Судьба несправедлива и не считается с целесообразностью. Погиб и Маевский (Гутовский). Это был человек иного типа, чем кооператор Фомин. Последний все-таки продукт революционной стихии и потому колеблющийся, как колеблется сама стихия. Очень близко связанный до революции с некоторыми видными большевиками — это говорит его друг Колосов — после революции Фомин примыкает к Чернову. Октябрьский переворот 1917 г. настраивает его на другой лад, поэтому он так активен в деле свержения большевиков в Сибири. К концу августа у Фомина уже иное настроение, толкавшее его к прежним связям. Склонный сгущать краски, легко подчиняющийся влияниям других, порывистый, он готов совершить даже террористический акт против членов Сибирского правительства Михайлова и Гришина-Алмазова, которые казались ему «злыми гениями» грядущего освобождения.
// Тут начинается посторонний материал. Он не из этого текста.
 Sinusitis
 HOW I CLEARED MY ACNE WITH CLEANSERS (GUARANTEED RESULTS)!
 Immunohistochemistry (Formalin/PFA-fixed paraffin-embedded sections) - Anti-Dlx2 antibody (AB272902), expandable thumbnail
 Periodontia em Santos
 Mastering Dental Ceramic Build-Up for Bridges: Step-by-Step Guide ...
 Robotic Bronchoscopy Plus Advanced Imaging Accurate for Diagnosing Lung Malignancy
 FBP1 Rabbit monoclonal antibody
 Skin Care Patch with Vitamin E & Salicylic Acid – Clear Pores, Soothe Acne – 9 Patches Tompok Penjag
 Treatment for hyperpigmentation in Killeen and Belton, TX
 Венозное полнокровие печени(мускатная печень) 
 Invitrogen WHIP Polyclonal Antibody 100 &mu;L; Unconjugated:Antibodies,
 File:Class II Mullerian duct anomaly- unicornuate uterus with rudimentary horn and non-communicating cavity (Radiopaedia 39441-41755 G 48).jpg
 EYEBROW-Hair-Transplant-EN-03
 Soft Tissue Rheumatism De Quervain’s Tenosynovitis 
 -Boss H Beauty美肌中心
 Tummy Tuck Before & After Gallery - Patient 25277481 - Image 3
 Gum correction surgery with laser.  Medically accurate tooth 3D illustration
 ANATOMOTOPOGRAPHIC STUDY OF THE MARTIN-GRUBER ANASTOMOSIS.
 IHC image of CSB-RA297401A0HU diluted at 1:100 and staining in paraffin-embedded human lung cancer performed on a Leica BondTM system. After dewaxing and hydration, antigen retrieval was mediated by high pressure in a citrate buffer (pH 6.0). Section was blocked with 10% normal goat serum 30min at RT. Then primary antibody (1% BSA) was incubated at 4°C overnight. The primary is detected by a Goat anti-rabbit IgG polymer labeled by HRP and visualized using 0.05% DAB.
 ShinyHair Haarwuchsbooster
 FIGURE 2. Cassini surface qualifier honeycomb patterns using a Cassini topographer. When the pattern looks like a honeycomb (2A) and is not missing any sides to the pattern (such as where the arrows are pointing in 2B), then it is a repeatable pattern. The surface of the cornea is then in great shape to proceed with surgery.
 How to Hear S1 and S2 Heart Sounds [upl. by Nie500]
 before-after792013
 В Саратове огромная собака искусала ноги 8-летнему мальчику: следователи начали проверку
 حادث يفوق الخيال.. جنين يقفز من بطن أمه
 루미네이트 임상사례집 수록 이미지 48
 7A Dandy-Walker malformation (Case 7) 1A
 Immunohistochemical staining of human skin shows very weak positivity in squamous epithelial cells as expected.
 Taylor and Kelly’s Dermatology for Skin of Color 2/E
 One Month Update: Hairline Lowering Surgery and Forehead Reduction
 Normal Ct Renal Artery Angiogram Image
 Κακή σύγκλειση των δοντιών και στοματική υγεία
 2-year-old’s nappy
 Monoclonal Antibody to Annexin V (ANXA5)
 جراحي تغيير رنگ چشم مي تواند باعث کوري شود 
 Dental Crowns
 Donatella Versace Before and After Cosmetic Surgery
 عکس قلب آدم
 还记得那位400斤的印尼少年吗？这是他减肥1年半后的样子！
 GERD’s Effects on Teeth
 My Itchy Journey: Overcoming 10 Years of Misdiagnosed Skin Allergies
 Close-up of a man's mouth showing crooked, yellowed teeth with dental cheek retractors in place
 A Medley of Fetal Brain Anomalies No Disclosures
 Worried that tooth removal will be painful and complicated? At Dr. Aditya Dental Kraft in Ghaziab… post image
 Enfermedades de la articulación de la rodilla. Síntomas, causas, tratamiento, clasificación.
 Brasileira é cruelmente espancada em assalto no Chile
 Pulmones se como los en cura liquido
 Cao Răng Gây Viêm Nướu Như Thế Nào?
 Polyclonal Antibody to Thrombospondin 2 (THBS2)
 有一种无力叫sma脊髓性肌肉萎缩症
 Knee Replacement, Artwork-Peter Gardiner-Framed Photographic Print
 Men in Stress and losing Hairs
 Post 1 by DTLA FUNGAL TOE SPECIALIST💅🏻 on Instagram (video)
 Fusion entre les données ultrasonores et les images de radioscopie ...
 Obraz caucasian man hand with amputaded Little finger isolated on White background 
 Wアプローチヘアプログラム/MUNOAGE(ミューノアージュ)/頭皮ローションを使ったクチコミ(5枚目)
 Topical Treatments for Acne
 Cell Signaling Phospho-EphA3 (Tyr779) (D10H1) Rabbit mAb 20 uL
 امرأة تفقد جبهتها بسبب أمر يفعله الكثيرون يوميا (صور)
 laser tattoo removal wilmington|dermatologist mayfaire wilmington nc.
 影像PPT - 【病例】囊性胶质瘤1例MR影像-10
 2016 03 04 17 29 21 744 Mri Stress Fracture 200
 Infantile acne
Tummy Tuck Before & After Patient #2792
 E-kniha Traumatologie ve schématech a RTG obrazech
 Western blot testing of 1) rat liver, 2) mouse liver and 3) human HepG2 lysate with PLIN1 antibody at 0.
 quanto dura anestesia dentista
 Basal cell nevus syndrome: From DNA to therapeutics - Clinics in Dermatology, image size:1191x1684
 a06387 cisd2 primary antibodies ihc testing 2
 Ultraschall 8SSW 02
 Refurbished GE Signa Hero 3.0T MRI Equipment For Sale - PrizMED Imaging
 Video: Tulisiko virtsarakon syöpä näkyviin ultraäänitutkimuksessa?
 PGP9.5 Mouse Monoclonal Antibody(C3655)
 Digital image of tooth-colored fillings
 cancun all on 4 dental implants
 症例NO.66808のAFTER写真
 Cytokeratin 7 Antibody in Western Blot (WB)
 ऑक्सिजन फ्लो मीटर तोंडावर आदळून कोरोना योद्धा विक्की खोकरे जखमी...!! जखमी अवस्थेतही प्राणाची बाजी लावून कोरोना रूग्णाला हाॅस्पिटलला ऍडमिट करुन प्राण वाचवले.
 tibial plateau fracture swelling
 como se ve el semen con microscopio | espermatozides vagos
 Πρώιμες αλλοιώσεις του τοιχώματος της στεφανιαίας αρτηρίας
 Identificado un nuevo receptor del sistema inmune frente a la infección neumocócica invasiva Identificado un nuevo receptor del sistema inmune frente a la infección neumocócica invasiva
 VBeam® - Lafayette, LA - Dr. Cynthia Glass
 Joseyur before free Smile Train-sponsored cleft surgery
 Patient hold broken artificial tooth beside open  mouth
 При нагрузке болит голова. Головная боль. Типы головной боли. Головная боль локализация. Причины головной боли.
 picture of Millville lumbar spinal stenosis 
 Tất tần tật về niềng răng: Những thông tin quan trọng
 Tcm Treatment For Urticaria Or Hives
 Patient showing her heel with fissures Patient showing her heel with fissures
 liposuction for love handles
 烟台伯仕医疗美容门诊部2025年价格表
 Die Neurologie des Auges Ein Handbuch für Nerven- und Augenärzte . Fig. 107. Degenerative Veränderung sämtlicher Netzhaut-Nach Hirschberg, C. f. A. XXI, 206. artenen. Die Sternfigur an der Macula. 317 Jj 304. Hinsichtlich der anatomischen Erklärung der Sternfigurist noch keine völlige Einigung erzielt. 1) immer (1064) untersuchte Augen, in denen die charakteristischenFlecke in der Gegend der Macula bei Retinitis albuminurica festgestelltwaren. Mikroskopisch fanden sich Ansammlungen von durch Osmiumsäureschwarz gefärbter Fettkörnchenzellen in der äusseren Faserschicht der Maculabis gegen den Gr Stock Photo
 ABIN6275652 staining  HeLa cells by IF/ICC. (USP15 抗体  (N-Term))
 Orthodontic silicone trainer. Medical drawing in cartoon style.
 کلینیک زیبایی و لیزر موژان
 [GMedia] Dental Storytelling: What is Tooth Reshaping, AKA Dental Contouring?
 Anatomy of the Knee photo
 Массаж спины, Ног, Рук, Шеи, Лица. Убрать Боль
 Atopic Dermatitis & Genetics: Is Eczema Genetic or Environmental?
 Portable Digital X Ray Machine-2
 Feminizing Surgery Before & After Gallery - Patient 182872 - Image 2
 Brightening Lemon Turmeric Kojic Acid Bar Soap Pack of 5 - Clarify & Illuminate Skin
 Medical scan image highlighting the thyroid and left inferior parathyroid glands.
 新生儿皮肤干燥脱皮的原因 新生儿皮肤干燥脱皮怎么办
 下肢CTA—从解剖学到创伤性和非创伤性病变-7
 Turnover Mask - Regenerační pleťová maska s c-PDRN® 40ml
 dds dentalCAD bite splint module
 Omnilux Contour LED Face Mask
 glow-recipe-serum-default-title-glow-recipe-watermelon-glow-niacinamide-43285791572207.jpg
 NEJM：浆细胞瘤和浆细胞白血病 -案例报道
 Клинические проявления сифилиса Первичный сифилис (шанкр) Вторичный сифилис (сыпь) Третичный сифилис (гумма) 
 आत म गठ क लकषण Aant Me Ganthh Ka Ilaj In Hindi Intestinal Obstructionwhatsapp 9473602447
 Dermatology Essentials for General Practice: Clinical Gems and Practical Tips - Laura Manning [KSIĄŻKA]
Редактор «Власти Народа» Маевский — старый основатель сибирского союза соц.-демократов, человек анализа, умевший становиться выше партийных традиций и предрассудков. Разум должен был одержать у него верх над чувством, заставившим его столь резко и не всегда справедливо реагировать на события 18 ноября. Его не стало. Замученная тень взывала к мести. И люди отдавались этому порыву, забывая тот «голос пробудившейся национальной чести», которым говорил в своей статье Фомин и который должен был побудить представителей демократии подчинить чувство разуму. Разум заглушался тогда, когда политические единомышленники Колосова в феврале посылали А. Тома в Париж через французскую миссию телеграмму в 800 слов о результатах произведенного ими довольно тенденциозного расследования. Голос разума молчал у Зензинова, когда он 6 июня помещал статью в «La France libre» о расстреле «офицерами адм. Колчака», «вопреки честному слову» двух министров Правительства Колчака, девяти человек... Зензинов счел нужным воспроизвести эту статью в сборнике документов, выпущенном в конце 1919 г. В иностранной печати Зензинов свидетельствовал о бесчестности колчаковского Правительства. Зензинов утверждал, что освобожденные, боясь возвратиться в тюрьму, где «неистовствовали опьяневшие от победы казаки», получили по телефону гарантии неприкосновенности от Михайлова и Старынкевича. «Они доверились их честному слову... и были расстреляны». Откуда заимствовал Зензинов эти сведения? В июне, когда написана была статья, он мог бы знать все подробности декабрьской драмы, хотя бы в одностороннем освещении колосовского расследования: надо ведь предполагать, что единомышленники Колосова осведомили не только французского министра о подробностях печальных событий.